*How to complete this task*
The expected output is the line with "this 480×270 image." followed by every remaining line of the entries, all repeated exactly.

*Dataset excerpts*
◇ ◇ ◇ ◇ ◇ ◇ ◇

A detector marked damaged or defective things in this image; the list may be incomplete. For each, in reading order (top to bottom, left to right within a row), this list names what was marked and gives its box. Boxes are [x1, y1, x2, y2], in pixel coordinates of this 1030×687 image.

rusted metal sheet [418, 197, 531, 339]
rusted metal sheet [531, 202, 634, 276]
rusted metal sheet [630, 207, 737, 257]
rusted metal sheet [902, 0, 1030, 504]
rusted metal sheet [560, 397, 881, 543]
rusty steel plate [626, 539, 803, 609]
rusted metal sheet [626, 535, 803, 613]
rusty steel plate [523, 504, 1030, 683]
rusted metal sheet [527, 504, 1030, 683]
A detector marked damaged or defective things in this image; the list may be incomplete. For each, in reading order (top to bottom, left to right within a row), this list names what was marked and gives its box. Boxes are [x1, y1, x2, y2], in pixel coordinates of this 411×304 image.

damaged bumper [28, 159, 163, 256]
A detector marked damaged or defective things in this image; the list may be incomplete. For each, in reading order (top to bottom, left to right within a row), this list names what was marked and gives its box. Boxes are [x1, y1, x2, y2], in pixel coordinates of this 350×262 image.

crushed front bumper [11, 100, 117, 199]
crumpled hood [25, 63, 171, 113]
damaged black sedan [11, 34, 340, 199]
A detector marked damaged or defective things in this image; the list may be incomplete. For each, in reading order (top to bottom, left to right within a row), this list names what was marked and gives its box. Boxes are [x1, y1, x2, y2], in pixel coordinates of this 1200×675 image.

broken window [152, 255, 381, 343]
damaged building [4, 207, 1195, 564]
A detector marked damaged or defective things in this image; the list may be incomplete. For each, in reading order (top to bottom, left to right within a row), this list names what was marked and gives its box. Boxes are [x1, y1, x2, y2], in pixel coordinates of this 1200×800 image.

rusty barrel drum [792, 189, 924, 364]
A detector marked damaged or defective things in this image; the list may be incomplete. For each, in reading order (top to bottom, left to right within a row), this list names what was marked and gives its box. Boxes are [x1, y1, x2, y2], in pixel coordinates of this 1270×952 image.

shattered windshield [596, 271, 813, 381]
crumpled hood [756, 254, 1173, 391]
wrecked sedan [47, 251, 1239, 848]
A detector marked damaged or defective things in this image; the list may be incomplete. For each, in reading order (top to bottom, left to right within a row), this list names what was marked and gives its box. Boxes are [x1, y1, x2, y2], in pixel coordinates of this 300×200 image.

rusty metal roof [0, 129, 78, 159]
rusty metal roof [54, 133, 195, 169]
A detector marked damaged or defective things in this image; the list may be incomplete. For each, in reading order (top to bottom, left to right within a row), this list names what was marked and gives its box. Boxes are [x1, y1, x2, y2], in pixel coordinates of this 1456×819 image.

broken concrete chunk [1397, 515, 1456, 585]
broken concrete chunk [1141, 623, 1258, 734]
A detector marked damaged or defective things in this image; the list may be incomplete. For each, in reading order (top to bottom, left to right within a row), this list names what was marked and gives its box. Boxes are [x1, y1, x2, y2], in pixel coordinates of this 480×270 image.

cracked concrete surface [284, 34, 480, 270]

◇ ◇ ◇ ◇ ◇ ◇ ◇

*Your solution*
A detector marked damaged or defective things in this image; the list may be incomplete. For each, in reading order (top to bottom, left to right within a row), this list names what was marked and gives its box. Boxes are [x1, y1, x2, y2], in pixel coordinates of this 480×270 image.

cracked concrete surface [284, 34, 480, 270]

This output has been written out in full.